The place has also served as an inspiration.

“Several other communities actually have come to see ours, and took the idea back to their localities,” said Brown. “Our market is set by the vendors so there’s not a guarantee of whom or what will always be available.”

“This particular one has been at its location for three years so far,” she continued. “There was for many years one at the Franklin Armory parking lot, and farmers sold out of the backs of their trucks. The city was given a grant to build a place for them, a lovely pavilion.”

Summer is the busiest time. Usually, vendors also will be present leading up to the holidays.

“On average, I’ve had up to at one time 25 vendors affiliated with the market,” she said. “Some are seasonal, such as just for watermelon, others spring produce. On Saturdays I can expect the most at one time, up to nine to 10 vendors. In between, it’s hit or miss. Not a lot of business. Not a big drive.”

The market’s not completely about selling food.

“We try to bring outside activities,” Brown said. “We invite Bear Path Acres, a kind of petting zoo that includes rescue animals.

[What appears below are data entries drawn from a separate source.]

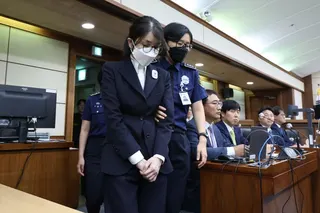 SEOUL, SOUTH KOREA - SEPTEMBER 24: Ex first lady Kim Keon-hee arrives for her first trial hearing on corruption charges at a courtroom of the Seoul Central District Court on September 24, 2025 in Seoul, South Korea. The hearing is take place after special counsel indicted Kim with physical detention on charges of violating the Capital Markets Act, the Political Funds Act and a law on the acceptance of bribes for mediation on Aug. 29. (Photo by Chung Sung-Jun/Getty Images)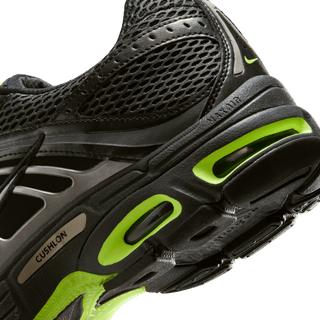 AIR MAX MOTO 2K - BLACK / METALLIC PEWTER / VOLT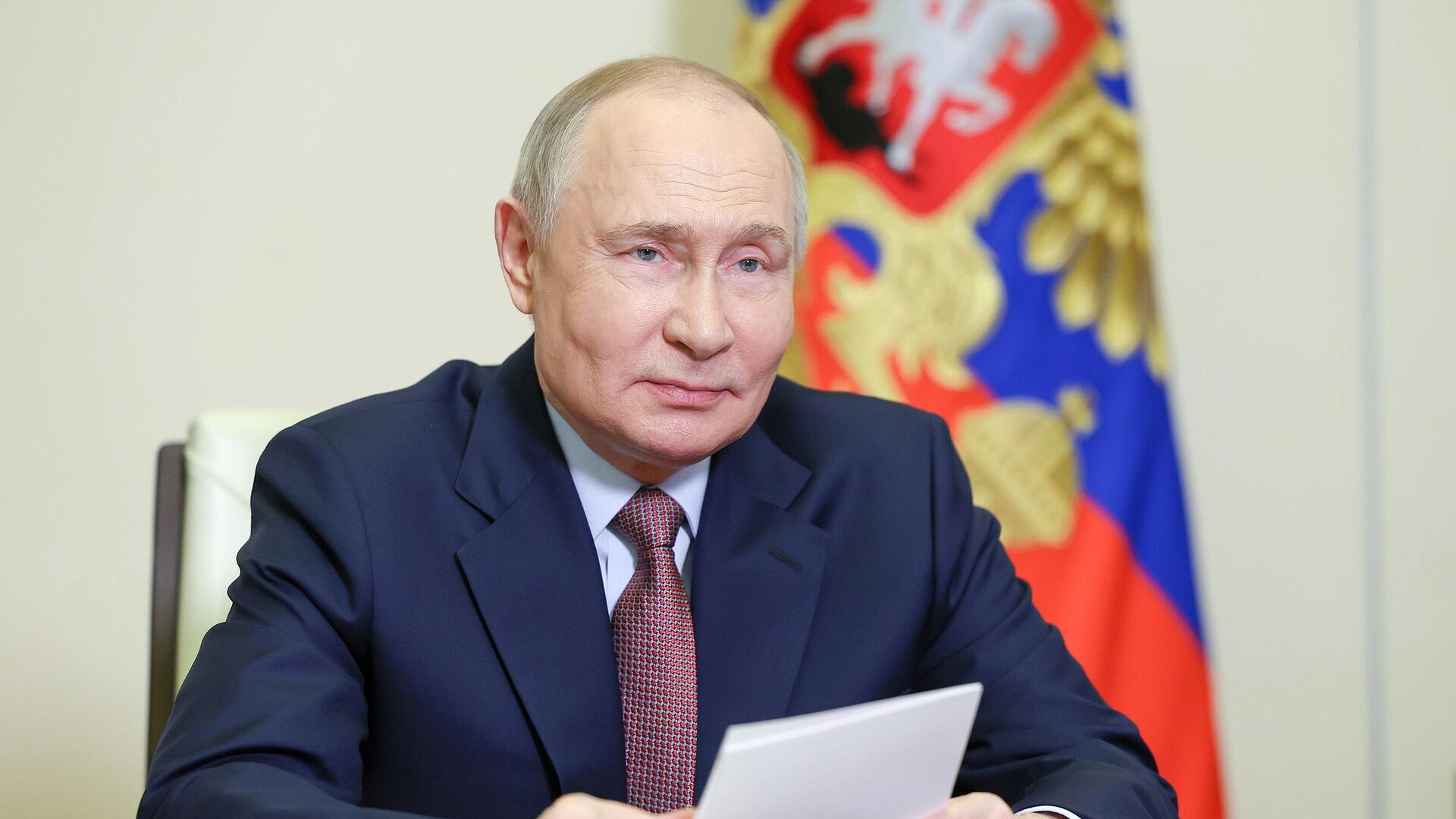 Путин оценил желание россиян иметь большую семью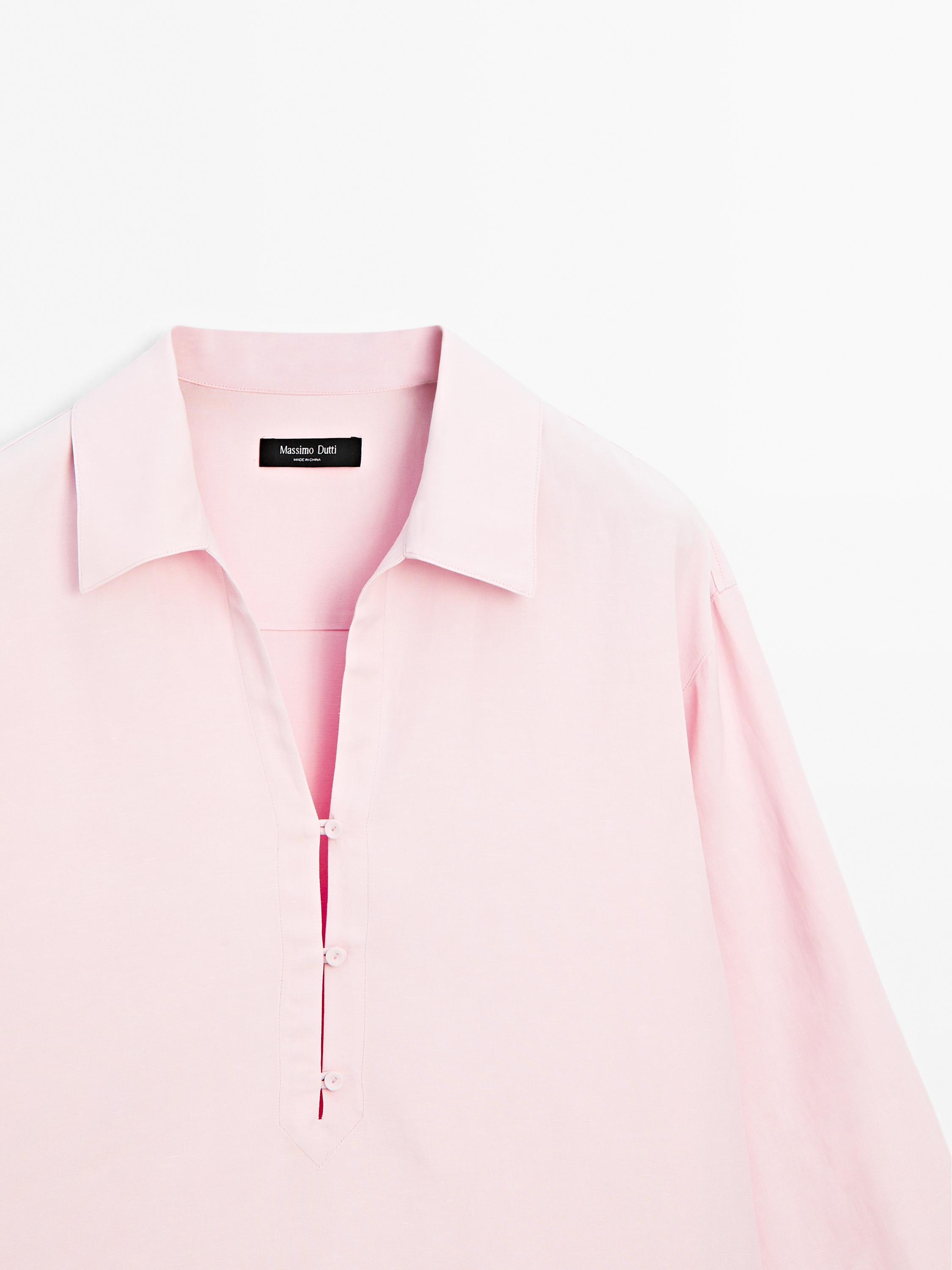 Lightweight blouse with polo collar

There also have been Master Gardeners, who have answered botanical questions.”

For more information, visit the Franklin Farmer’s Market on Facebook, or Downtown Franklin Association at

In nearby Isle of Wight County and the city of Suffolk, the markets are in hibernation.

Come spring, the Smithfield Farmers Market will enter its 10th season, according Kristin Wilda, who has been managing it for two years. The market at the Bank of Southside Virginia parking lot in downtown Smithfield will be open from 9 a.m. to noon every Saturday from May 5 to Oct. 27, with events in spring and the holidays as well.

“We will have a market for Easter (March 31), with vegetable produce then because farmers will be providing greenhouse produce,” said Wilda. “We’re weather-driven.”

She added that the next market will be on April 21 for spring before the May opening.

“I can say with certainty that the numbers have grown,” she said. “We have more vendors and customers.”

For more information, contact Wilda at 375-3031 or

Kevin Hughes, the director of Economic Development in Suffolk, said the Market Park “typically begins in May and closes in October.”

At the market’s start in 2005 there were just five vendors, and that’s grown to 18 farmers participating in the past year “with more and more interested,” Hughes said.

Due to that growth, this spring the vendors will move from being sheltered under tents by the train station on North Main Street to a nearby permanent site. The pavilion will be on East Constance Road behind the Visitors Center at the corner with North Main. There will be 90 parking spaces.

“This will bring a lot more activity to the site,” he said.

The center had previously been leased in the restored Prentis House. The move came about after a study was done that counted 9,000 vehicles regularly passed the center’s previous spot, compared with 44,000 by the Visitors Center today, Hughes said.

“Also it’s a safer location (at the pavilion). Storms would come in and push tents around to the railroad tracks,” he said.

As for expanding the market to the winter months, “probably not this year,” said Hughes. “Possibly next year.”

In addition to selling fruits, vegetables and other foods, “Family Fun Days” will be implemented.

“People want a day with activities, and not just shop,” Hughes said.

There will be four to five events this season.